During this period O'Curry was establishing a reputation for his knowledge of the Irish language and Irish history, and, by 1834, was in correspondence with the antiquary John O'Donovan. He was employed, from 1835 to 1842, on O'Donovan's recommendation, in the topographical and historical section of the Irish Ordnance Survey. O'Donovan went on to marry O'Curry's sister-in-law, Mary Anne Broughton, in 1840. O'Curry spent much of the remainder of his life in Dublin and earned his living by translating and copying Irish manuscripts; the catalogue of Irish manuscripts in the British Museum (1849) was compiled by him for a fee of £100. O'Curry was responsible for the transcripts of Irish manuscripts from which O'Donovan edited The Annals of the Four Masters between 1848 to 1851.[1]
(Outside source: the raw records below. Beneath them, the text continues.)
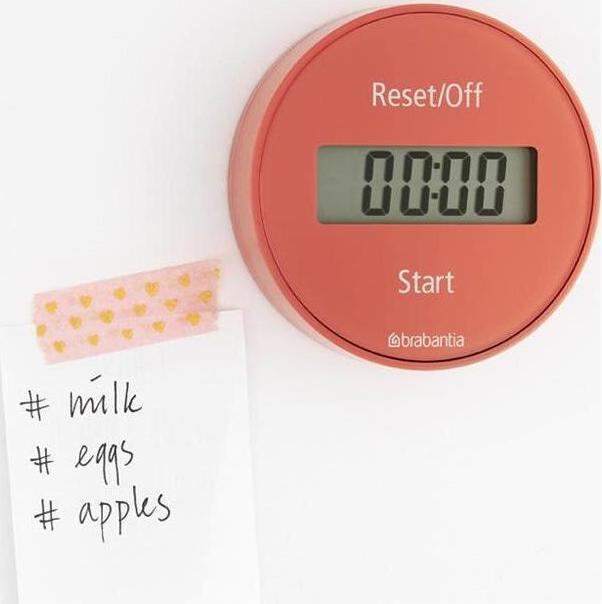 Produktbild Brabantia Tasty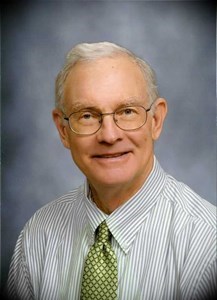Obituary photo of Mark Shaeffer, Dayton-OH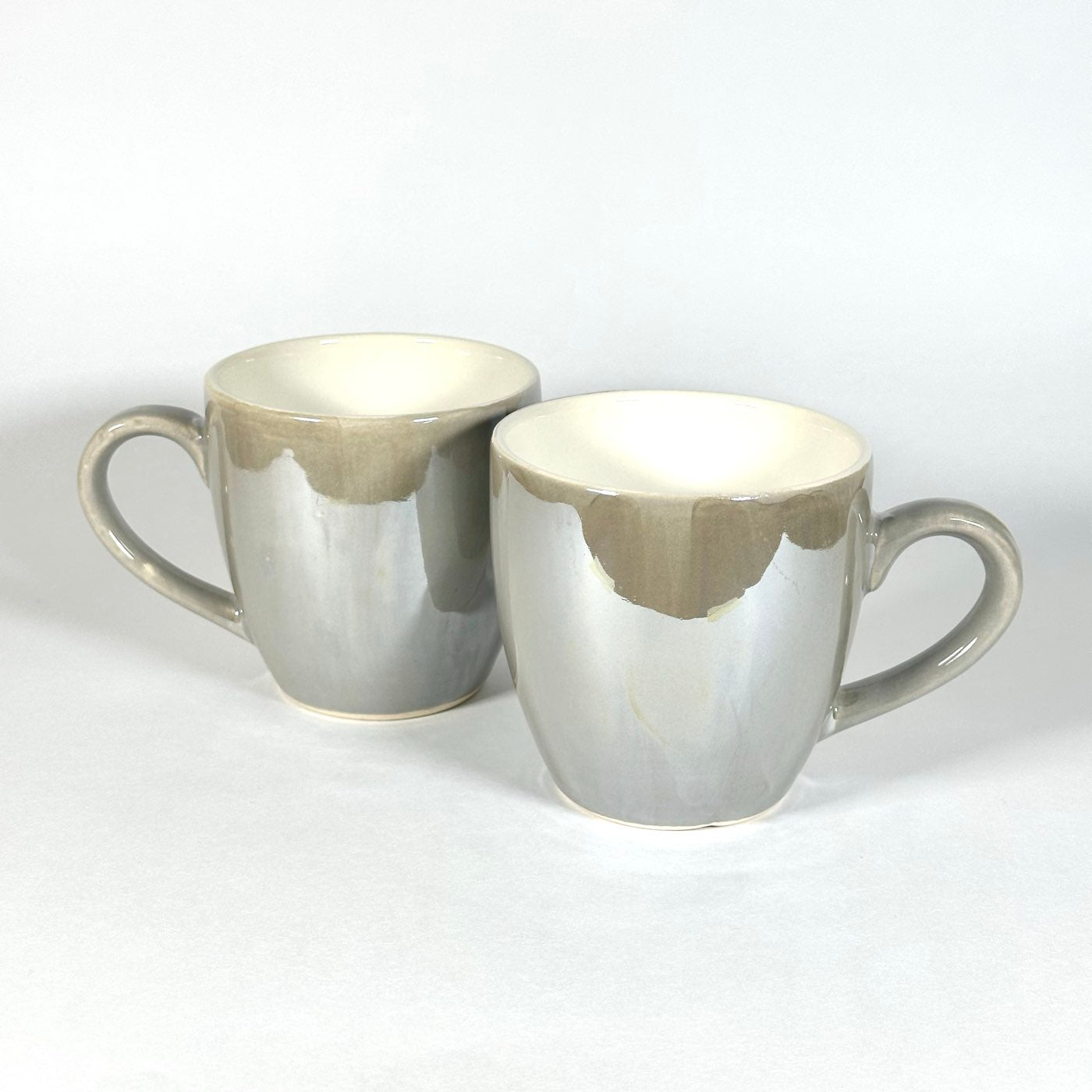 Griselle Lustre Mug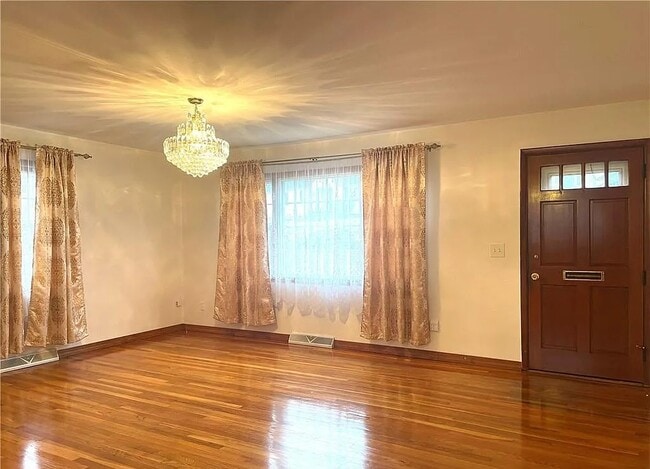 184 Hillcrest Ave, New Britain, CT 06053 - photo 5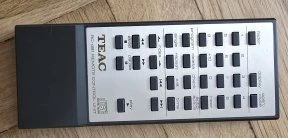 Teac VRDS 10 (3)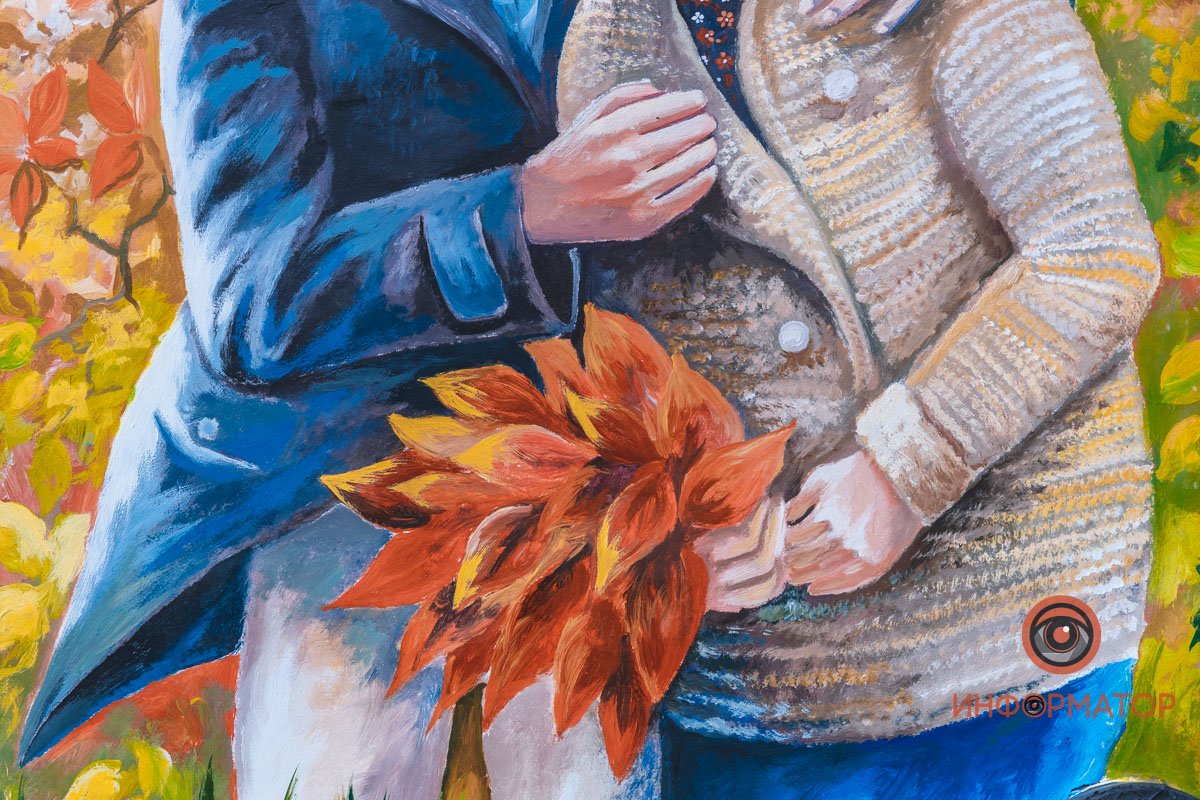 Мастерство Мастерство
In 1851 he was elected a member of the Royal Irish Academy and, on the founding of the Catholic University of Ireland in 1854, he was appointed professor of Irish history and archaeology.[1] He worked with George Petrie on the Ancient Music of Ireland (1855). In 1852, he and O'Donovan proposed the Dictionary of the Irish Language, which was eventually begun by the Royal Irish Academy in 1913 and finally completed in 1976.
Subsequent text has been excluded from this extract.